Is it you that has been fighting me
All this time?
Your father and I planted the seed
That made you
And I watched as day by day
The stretch-marks grew,
Like some reddish tumbleweed,
While, inside,
The fruit of the plant,
You,
Took shape.
Soon that green fruit will be ripe and red
And you my tiny warrior
Will kick and claw your way
Into the bright, cold, unfamiliar world
Armed, it seems to me,
As Athena was.
I only hope
I am ready to receive you.
~12 February, 2002
7 responses total.
"like some reddish tumbleweed" -- very very good.
Thanks. I'm not entirely sure that this is my best work, but I'm a tad out of practice and was only jolted into writing since the pregnancy is comeing to an end.
One comment; you're mixing two or three metaphors here; first a
plant, then a soldier, and then, at least for me, Pallas Athena's birth. Is
that intentional?
you don't have the real life context. The first metaphor is typical imagery for birth; in the second, she's referring to how the baby moves and kicks.. hard. the third, I'm not sure. imagery make a little more sense now?

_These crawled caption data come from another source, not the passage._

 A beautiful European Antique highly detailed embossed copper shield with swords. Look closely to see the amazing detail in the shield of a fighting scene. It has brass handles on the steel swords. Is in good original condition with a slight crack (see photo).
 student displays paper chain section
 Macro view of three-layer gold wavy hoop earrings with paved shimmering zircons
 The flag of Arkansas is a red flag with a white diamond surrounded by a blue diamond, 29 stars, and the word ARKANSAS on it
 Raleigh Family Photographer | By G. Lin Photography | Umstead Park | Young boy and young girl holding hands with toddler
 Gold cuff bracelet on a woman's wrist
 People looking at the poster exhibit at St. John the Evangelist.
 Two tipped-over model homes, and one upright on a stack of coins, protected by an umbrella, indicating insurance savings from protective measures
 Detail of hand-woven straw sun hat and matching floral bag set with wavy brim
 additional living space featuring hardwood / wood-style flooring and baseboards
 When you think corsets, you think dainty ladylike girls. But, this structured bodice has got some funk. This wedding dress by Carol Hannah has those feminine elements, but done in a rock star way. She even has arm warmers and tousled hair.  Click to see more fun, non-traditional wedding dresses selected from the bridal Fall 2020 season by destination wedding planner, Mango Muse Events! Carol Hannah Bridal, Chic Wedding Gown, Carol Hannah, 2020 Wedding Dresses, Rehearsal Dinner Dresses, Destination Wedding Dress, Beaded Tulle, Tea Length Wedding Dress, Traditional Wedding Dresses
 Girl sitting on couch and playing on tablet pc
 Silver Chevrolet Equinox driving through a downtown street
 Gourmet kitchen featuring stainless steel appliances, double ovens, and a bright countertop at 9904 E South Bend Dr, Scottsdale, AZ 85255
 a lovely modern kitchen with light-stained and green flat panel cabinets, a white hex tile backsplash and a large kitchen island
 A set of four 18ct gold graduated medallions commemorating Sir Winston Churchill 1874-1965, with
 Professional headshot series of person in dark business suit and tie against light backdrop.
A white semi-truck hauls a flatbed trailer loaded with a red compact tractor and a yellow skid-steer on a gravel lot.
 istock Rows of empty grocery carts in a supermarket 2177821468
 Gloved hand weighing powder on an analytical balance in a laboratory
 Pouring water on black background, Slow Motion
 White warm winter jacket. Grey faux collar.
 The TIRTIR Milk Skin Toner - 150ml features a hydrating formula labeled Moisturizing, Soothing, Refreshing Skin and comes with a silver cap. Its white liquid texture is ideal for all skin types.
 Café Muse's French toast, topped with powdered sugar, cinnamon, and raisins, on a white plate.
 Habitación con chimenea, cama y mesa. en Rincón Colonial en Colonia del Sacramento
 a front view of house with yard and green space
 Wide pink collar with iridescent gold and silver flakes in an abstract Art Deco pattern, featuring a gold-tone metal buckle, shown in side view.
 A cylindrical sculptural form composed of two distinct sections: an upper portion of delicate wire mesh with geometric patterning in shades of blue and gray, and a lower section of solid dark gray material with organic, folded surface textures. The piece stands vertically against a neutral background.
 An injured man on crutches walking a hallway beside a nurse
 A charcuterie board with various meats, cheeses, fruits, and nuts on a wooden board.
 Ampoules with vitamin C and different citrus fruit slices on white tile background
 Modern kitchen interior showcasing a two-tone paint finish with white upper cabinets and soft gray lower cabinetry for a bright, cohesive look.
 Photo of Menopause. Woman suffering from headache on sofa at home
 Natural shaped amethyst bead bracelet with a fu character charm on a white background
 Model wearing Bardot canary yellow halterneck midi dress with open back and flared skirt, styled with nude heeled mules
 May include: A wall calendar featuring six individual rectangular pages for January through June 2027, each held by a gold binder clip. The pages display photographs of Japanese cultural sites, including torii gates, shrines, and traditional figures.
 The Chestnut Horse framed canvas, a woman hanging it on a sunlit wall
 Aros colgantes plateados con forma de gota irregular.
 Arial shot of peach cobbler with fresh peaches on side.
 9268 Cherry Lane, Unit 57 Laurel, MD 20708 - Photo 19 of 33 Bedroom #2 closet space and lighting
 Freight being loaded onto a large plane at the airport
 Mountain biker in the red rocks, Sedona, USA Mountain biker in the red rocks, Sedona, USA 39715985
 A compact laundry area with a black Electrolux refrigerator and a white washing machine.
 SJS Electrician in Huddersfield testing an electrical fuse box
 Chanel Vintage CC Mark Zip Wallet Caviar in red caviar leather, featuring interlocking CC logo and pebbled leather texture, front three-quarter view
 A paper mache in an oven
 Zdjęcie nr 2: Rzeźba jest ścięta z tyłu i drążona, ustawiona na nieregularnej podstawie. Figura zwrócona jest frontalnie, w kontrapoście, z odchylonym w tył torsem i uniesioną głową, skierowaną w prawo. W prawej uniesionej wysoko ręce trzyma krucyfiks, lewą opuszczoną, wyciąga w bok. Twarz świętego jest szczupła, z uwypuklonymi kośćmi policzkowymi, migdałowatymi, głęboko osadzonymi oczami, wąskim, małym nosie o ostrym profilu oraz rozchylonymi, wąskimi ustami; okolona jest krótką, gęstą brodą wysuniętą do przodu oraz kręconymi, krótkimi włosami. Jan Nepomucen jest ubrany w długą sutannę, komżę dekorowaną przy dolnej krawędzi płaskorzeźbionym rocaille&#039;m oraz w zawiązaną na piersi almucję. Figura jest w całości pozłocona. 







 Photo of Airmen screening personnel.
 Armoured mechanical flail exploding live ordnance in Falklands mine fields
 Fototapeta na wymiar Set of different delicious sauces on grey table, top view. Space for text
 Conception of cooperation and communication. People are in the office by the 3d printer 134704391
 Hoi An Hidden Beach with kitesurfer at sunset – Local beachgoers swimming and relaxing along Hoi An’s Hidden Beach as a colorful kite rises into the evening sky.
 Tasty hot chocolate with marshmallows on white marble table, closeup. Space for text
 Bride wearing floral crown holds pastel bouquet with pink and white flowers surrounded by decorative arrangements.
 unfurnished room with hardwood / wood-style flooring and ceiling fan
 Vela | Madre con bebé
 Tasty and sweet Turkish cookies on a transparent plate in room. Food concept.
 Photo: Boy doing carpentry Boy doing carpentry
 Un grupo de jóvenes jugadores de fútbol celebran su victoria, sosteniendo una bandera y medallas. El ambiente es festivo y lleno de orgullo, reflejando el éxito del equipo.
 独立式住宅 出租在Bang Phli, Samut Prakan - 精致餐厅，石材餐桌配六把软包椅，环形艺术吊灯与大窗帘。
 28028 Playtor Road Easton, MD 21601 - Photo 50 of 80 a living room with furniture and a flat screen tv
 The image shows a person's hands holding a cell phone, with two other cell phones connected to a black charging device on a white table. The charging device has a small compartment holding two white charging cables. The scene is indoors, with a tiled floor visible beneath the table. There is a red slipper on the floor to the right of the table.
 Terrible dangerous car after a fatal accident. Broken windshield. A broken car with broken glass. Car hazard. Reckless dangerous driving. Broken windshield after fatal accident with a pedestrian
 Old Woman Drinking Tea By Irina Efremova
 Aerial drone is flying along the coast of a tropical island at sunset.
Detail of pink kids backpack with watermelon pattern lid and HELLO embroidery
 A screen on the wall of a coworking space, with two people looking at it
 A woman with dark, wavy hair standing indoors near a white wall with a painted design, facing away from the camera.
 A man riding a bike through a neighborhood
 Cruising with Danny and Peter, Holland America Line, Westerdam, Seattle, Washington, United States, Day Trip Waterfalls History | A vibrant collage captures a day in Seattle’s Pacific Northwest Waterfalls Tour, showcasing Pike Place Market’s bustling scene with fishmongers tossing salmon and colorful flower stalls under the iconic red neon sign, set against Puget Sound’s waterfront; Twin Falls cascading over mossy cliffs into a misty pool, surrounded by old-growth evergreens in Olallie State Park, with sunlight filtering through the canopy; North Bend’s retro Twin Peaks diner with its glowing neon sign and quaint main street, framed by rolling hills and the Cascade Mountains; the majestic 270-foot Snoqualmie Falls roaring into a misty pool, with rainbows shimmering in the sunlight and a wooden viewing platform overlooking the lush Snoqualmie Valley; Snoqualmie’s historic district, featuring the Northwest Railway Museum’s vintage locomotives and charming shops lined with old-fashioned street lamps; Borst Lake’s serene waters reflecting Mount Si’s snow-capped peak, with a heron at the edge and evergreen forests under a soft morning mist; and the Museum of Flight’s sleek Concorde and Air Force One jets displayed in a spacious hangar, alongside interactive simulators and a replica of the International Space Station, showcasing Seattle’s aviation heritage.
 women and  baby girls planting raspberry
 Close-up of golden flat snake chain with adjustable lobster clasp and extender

Well, for the third I was reaching into the future a little. Seems to me that birth pains must be a lot like that raging headache that Zeus supposedly had when he (yes "he") gave birth to Athena. So I imagine my child as fighting his/her way into the world like Athena did (only Athena's birth wasn't nearly as messy as the birth of *this* child is likely to be). I didn't think of mixing metaphors, really. I was just attempting to express my feelings with the images that came to mind at the time. I know it's considered sorta gauche in peotry to refer to more than one image in a single poem, but <shrug> it fit, so I wrote it down.
It's not that it's "gauche" to mix metaphors, it's that it makes for
some very unusual reading. A poem that may take hours to write and may
consist of sorting out hundreds of viable metaphors in the head of the author
may take only seconds to read, and changing metaphors rapidly can produce
confusion and contradiction. At best it's a tricky, and risky, tecnique.
Oh. Well. I don't generally write that way. I usually let a few pitures rattle around in my brain for a few days then, one day, I try to put it all down on paper.